Jésus par cette parabole nous enseigne tout d’abord que le prochain c’est toute personne qui a besoin de mon aide, au-delà des prescriptions juridiques, des clivages ethniques ou religieux. Ensuite, et c’est l’aspect le plus surprenant de la parabole, c’est que toute personne, même un Samaritain, même un hindou, un musulman ou un athée, toute personne peut être porteuse de cette charité qui a sa source en Dieu et dont Jésus témoigne sans cesse dans son ministère.

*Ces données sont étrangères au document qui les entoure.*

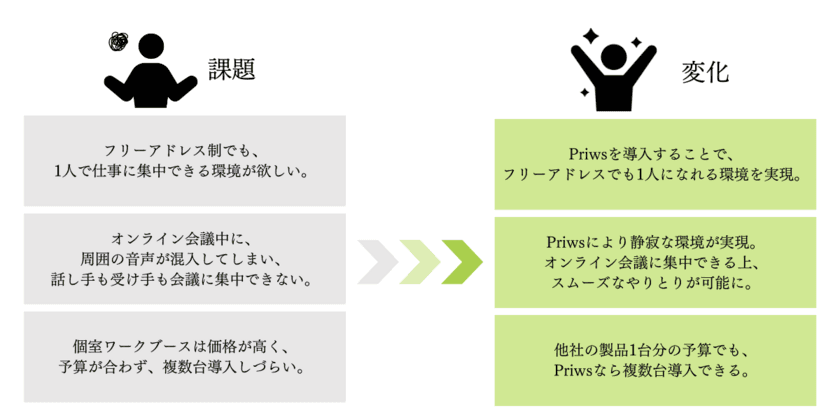 工事や引越しなしでオフィスに静寂な空間を。
株式会社西友様に個室ワークブース「Priws」が導入されました。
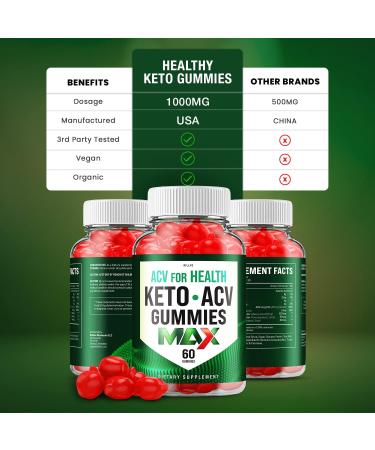 ACV for Health Keto Gummies - Advanced Formula Shark Apple Cider Vinegar Supplement (60 Gummies) - Buy Online on GoSupps.com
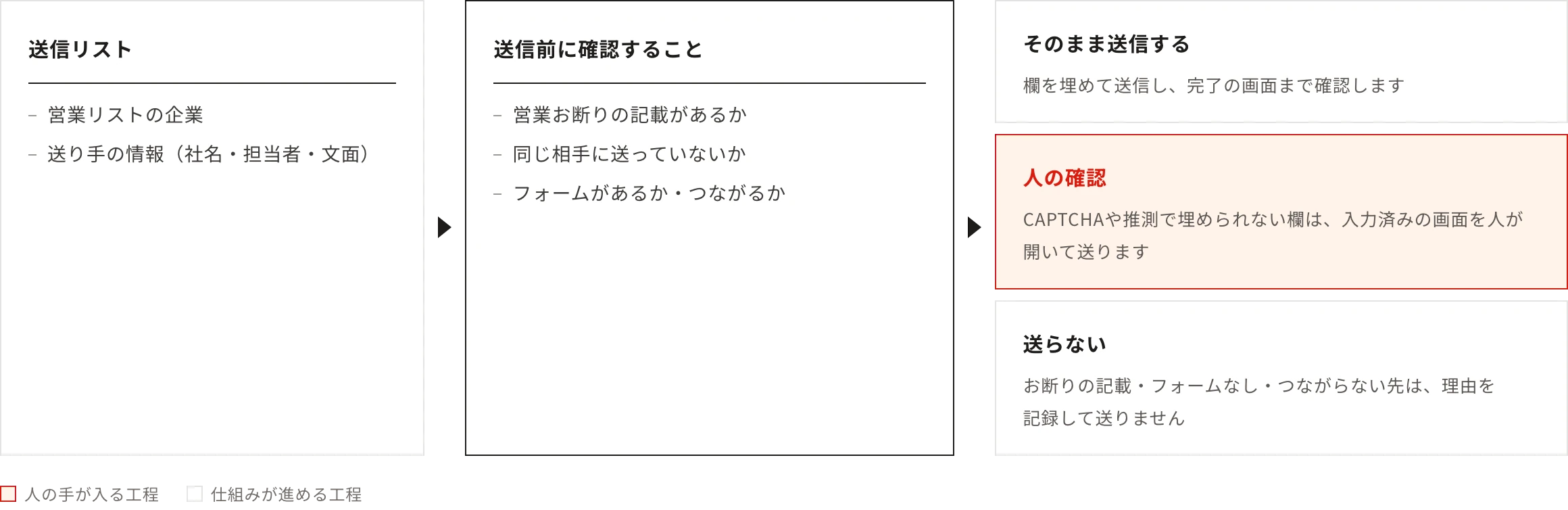 送信リスト：営業リストの企業・送り手の情報（社名・担当者・文面）。送信前に確認すること：営業お断りの記載があるか・同じ相手に送っていないか・フォームがあるか・つながるか。そのまま送信する：欄を埋めて送信し、完了の画面まで確認します／人の確認：CAPTCHAや推測で埋められない欄は、入力済みの画面を人が開いて送ります／送らない：お断りの記載・フォームなし・つながらない先は、理由を記録して送りません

Et c’est là le plus surprenant dans cette parabole ! On ne soupçonne pas à première vue son côté subversif qui nous oblige à un regard totalement nouveau sur le prochain qui n’est pas des nôtres.

Dieu met son amour entre nos mains. C’est à ce dépassement inouï que nous appelle le Christ, et le secret de la parabole du bon Samaritain est de considérer tous les hommes comme nos frères et nos sœurs, tant celui qui aide et qui fait preuve d’humanité, que celui qui est abandonné au bord de la route et qui appelle au secours. Il s’agit de considérer tous les humains comme s’ils étaient du même sang que nous, puisque c’est le même sang qui nous a rachetés sur la croix.

 « Qui est mon prochain ? », ou encore « Jusqu’où faut-il aimer ? » À qui puis-je véritablement donner le nom de frère ou de sœur ? Jésus nous répond : « A toi de décider jusqu’où tu acceptes de te faire proche. Mais sache que si tu fermes ton cœur à tes frères et tes sœurs de ce monde, tu ne connaîtras jamais la joie véritable. » 

C’est Maurice Zundel qui affirme : « L’autre finalement, l’autre c’est Dieu. Dans les autres, il y a l’Autre et c’est parce que dans les autres le destin de Dieu est engagé, c’est parce qu’il est mis en question par chaque décision de la volonté, c’est à cause de cela que le prochain nous est confié, c’est à cause de cela que nous avons la charge des autres, parce qu’en eux nous avons la charge de l’Autre ».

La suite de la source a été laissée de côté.